◆ About this exercise ◆
Every line from the one with "2014 FREIGHTLINER M280 805990-05 2014" to the one with "#LTKSeasonal #LTKHoliday #LTKgrwm", including those two, is to be copied exactly; all other lines of the entries below are left out.
──────── Available data ────────
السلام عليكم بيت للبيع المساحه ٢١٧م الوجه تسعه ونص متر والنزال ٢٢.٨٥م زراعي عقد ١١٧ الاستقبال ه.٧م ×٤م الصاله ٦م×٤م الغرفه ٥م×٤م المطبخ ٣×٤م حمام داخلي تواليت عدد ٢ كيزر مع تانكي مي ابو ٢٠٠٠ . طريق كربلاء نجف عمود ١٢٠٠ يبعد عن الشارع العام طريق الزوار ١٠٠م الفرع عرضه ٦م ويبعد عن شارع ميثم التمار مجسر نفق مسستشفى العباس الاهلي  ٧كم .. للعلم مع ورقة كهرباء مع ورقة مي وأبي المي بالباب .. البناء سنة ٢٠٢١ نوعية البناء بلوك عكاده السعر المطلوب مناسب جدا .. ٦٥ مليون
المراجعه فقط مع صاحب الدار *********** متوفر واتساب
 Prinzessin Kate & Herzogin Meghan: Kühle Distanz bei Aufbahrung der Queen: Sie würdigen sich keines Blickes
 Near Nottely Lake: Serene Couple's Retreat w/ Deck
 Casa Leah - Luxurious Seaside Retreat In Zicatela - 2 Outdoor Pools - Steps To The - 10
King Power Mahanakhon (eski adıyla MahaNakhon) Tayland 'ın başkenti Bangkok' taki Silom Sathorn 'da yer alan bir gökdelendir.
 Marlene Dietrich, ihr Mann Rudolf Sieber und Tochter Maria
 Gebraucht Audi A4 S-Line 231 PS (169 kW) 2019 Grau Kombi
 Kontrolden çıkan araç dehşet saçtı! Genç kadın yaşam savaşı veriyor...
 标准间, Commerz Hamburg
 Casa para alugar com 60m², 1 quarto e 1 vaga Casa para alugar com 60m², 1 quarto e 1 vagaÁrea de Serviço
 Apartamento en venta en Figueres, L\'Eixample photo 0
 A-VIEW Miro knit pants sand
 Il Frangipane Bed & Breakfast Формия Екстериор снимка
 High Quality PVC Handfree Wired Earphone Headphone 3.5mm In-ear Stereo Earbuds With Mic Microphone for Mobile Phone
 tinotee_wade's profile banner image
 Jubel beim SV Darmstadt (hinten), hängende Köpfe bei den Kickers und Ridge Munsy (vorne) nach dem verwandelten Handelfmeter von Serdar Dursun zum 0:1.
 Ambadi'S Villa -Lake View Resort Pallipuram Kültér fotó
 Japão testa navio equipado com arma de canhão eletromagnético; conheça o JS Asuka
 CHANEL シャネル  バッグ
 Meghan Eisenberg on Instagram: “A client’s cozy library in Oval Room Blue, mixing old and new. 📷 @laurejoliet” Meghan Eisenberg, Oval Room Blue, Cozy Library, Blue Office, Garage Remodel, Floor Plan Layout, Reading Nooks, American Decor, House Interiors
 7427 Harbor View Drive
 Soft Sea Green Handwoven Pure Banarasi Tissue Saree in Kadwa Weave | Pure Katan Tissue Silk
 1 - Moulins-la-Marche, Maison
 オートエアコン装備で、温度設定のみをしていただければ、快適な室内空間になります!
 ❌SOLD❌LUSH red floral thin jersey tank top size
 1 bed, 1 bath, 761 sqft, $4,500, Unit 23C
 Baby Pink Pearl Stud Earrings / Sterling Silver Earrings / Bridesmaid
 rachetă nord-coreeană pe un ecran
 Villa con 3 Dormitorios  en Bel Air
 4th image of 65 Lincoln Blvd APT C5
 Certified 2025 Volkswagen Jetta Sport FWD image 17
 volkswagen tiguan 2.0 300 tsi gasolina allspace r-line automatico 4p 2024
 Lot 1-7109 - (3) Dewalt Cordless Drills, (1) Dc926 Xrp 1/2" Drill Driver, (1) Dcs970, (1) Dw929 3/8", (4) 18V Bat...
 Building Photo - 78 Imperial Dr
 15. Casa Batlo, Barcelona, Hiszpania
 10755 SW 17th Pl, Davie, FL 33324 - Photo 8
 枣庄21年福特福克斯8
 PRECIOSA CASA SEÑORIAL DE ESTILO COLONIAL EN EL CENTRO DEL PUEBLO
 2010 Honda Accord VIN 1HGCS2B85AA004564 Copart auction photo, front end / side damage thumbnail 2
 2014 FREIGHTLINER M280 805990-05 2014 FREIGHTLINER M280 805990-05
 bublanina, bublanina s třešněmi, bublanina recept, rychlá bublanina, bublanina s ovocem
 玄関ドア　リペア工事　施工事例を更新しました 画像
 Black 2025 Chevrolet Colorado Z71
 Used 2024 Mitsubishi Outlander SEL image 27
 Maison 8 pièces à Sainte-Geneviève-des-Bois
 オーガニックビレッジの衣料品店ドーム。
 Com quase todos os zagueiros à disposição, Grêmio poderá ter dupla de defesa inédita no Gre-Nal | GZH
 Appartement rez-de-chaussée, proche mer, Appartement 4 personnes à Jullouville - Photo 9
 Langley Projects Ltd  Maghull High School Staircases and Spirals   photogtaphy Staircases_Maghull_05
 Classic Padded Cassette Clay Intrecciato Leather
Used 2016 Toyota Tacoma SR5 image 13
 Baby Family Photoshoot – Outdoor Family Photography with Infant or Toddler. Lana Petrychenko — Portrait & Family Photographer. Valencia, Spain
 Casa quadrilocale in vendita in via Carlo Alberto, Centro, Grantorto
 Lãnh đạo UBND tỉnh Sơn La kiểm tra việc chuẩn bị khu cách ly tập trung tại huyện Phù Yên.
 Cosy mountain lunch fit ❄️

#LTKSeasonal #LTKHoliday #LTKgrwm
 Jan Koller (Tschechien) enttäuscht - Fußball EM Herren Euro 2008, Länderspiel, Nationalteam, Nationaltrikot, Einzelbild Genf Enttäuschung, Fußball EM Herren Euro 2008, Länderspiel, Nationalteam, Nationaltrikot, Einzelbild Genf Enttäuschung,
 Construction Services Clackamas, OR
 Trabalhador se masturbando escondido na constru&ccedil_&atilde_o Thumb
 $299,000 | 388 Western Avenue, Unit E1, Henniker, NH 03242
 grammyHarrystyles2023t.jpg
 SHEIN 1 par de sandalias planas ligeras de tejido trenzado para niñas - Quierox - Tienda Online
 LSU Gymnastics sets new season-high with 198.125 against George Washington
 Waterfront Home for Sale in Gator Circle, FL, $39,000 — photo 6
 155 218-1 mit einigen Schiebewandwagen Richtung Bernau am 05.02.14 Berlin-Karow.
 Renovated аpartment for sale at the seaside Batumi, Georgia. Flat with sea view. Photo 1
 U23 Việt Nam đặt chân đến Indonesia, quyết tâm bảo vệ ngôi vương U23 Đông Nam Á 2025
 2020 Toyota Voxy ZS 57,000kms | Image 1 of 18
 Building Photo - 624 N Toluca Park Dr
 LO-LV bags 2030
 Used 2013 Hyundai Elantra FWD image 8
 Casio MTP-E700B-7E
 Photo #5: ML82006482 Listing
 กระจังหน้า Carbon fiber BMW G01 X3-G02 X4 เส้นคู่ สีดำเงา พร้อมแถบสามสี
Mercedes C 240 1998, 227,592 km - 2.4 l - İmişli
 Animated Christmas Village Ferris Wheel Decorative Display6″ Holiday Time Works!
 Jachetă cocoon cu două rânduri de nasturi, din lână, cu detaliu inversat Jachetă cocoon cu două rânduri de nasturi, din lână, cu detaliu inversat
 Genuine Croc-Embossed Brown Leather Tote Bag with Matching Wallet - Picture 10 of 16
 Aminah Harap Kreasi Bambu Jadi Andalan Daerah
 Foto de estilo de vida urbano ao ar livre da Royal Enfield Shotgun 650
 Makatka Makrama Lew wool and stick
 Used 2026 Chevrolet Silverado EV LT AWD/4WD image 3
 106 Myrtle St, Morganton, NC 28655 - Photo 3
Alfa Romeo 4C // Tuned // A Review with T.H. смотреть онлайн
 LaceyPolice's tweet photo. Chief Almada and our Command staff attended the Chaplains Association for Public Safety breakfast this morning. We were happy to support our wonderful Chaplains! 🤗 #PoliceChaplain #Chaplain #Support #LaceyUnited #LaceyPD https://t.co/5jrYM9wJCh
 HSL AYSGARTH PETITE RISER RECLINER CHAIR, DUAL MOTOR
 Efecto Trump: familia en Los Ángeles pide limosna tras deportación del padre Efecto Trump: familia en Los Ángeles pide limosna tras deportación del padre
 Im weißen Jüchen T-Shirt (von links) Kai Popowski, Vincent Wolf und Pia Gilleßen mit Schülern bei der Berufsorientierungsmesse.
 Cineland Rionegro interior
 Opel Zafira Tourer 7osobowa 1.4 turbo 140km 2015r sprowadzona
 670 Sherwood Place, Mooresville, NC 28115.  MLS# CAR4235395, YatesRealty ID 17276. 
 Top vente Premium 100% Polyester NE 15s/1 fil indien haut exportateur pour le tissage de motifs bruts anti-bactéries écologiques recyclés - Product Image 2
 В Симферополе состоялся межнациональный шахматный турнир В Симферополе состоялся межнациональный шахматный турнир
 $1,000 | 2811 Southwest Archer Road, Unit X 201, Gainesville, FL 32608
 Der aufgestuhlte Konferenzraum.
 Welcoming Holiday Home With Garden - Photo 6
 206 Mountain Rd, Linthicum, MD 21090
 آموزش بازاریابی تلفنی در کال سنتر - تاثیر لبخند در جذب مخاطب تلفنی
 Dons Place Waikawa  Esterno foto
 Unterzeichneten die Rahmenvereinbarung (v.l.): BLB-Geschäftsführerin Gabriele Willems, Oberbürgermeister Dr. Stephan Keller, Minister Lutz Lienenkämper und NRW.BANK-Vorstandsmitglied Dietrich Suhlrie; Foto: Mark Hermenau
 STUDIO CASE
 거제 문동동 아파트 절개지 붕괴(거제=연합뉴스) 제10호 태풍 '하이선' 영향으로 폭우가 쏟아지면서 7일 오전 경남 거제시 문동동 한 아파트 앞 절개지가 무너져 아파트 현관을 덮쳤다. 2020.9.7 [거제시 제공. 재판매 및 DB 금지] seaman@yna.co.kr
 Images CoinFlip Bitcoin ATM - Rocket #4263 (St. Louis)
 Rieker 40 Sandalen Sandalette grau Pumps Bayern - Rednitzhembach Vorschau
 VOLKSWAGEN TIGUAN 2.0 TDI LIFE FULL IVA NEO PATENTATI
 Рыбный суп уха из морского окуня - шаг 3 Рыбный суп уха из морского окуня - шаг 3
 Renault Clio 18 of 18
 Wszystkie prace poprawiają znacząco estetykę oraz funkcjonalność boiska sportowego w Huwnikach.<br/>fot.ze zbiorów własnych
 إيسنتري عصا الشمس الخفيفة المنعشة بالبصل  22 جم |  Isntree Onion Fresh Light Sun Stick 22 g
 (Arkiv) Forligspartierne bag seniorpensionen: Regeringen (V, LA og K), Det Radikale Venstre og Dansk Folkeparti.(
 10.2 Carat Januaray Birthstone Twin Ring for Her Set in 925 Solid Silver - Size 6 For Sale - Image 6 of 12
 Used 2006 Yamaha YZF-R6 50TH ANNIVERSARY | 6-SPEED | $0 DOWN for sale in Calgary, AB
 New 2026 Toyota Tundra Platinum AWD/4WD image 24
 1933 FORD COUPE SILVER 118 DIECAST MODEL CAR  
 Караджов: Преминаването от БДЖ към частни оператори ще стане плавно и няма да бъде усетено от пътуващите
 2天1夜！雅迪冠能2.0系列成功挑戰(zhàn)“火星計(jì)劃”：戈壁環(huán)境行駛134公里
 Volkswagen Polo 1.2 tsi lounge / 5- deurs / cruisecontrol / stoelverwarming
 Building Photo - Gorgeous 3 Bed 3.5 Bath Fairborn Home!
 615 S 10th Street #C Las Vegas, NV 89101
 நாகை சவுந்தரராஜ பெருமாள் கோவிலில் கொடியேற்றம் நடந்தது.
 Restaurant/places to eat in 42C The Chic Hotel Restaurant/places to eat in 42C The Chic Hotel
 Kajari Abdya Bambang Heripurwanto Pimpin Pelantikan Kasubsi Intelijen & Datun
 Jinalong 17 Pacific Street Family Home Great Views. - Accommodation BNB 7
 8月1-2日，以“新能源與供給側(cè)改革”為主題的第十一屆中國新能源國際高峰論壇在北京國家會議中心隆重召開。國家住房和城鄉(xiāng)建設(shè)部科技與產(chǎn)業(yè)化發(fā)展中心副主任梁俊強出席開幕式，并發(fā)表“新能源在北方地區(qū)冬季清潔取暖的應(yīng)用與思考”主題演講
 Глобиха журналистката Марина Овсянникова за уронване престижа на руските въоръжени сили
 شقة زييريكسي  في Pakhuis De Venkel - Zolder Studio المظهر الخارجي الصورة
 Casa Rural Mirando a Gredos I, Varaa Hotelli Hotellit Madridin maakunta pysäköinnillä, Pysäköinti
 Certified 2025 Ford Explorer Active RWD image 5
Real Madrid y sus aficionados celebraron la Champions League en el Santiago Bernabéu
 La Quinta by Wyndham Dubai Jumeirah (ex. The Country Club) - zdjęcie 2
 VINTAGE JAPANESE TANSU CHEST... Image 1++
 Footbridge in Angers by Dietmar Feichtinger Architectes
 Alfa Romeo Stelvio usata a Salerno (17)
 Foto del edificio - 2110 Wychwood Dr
────────
◆ Response below ◆
 2014 FREIGHTLINER M280 805990-05 2014 FREIGHTLINER M280 805990-05
 bublanina, bublanina s třešněmi, bublanina recept, rychlá bublanina, bublanina s ovocem
 玄関ドア　リペア工事　施工事例を更新しました 画像
 Black 2025 Chevrolet Colorado Z71
 Used 2024 Mitsubishi Outlander SEL image 27
 Maison 8 pièces à Sainte-Geneviève-des-Bois
 オーガニックビレッジの衣料品店ドーム。
 Com quase todos os zagueiros à disposição, Grêmio poderá ter dupla de defesa inédita no Gre-Nal | GZH
 Appartement rez-de-chaussée, proche mer, Appartement 4 personnes à Jullouville - Photo 9
 Langley Projects Ltd  Maghull High School Staircases and Spirals   photogtaphy Staircases_Maghull_05
 Classic Padded Cassette Clay Intrecciato Leather
Used 2016 Toyota Tacoma SR5 image 13
 Baby Family Photoshoot – Outdoor Family Photography with Infant or Toddler. Lana Petrychenko — Portrait & Family Photographer. Valencia, Spain
 Casa quadrilocale in vendita in via Carlo Alberto, Centro, Grantorto
 Lãnh đạo UBND tỉnh Sơn La kiểm tra việc chuẩn bị khu cách ly tập trung tại huyện Phù Yên.
 Cosy mountain lunch fit ❄️

#LTKSeasonal #LTKHoliday #LTKgrwm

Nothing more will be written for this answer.